La magia marcó mi vida desde que nací. Y no fue por Disney World, tuve el raro privilegio de nacer hijo de mago.
Mi papá era además médico psiquiatra. Dividía su vida atendiendo pacientes en su consultorio durante la semana y maravillando a los chicos haciendo magia en sus cumpleaños los sábados o domingos.
Acompañarlo a esos cumpleaños de asistente con 5 o 6 años era lo máximo.
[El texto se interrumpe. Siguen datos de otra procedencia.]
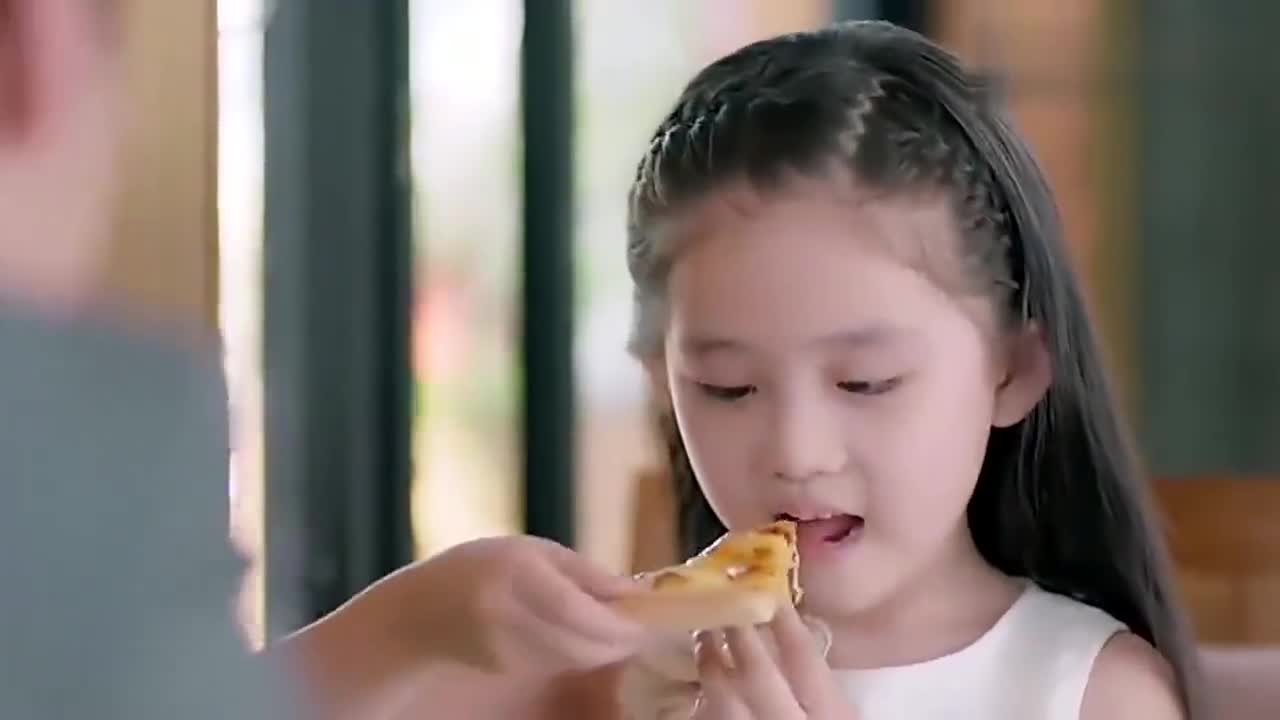 因为遇见你陆思琛请可爱的小乐童吃披萨萌化老夫的少女心啊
Mucho más si se trataba del festejo de algún amiguito.
Llevábamos la valija de trucos, las palomas y a veces algún conejo. Me ubicaba a un costado de donde él actuaba, de frente al público y me gustaba ver la cara de los chicos intentando adivinar los trucos que yo ya me sabía de memoria.
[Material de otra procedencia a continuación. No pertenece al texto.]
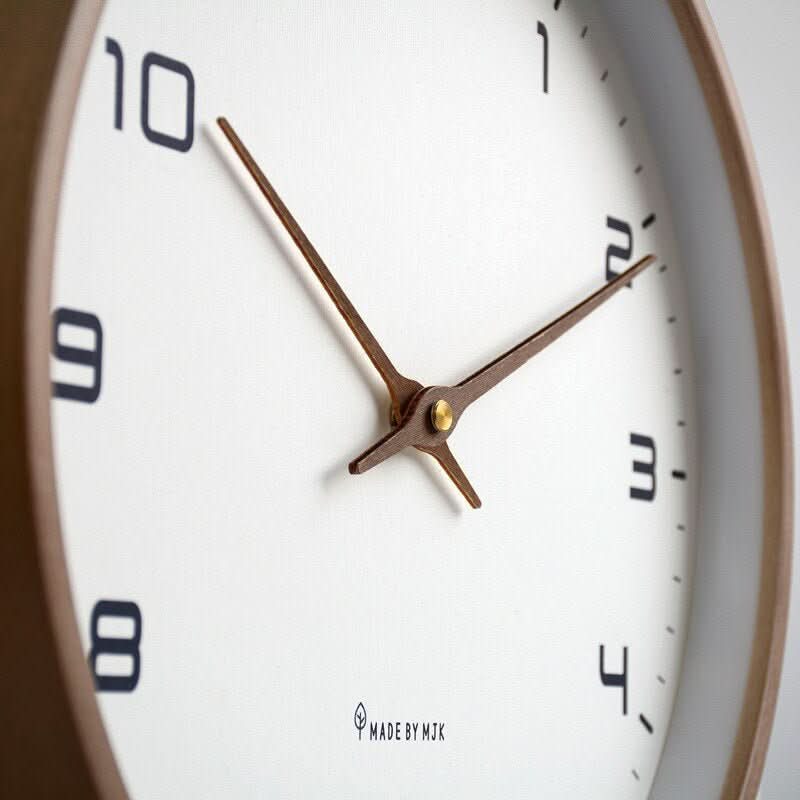 Skandinavische Wanduhr Holz mit lautlosem Quarz-Uhrwerk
De vez en cuando inventaba algún espectáculo nuevo para salir de gira a pueblos cercanos. Eran fines de semana a pura aventura y diversión. Capocómicos, payasos y bailarinas todos juntos viajando en algún colectivo un poco antiguo. Una fábrica de recuerdos imposibles de borrar.
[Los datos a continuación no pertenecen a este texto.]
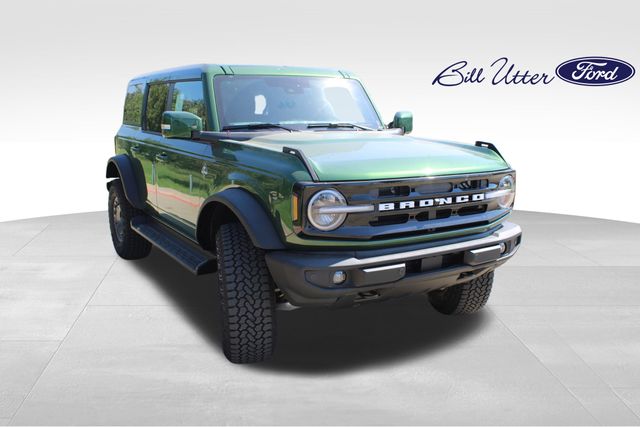 2025 Ford Bronco Outer Banks photo 2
Cuando compraba un truco de magia nuevo, después de algunas horas de práctica frente al espejo, nos sentaba a mí y a mis hermanos Juli y Fede en el pie de su cama para una mini función privada. Me fascinaba que, siendo tan chicos, nuestras opiniones y consejos fueran importantes para él.
Los años pasaron, la vida golpeó mucho y un día decidió que había pasado su tiempo de hacer magia. Siguió con la psiquiatría, pero nunca dejó de ser “el mago”.
Cuando inventé viajeromagico obviamente decidí el nombre pensando en la magia de Disney pero desde esta semana me va a gustar pensar que fue también un homenaje a mi viejo, su magia (en todos los sentidos) y nuestra vida juntos.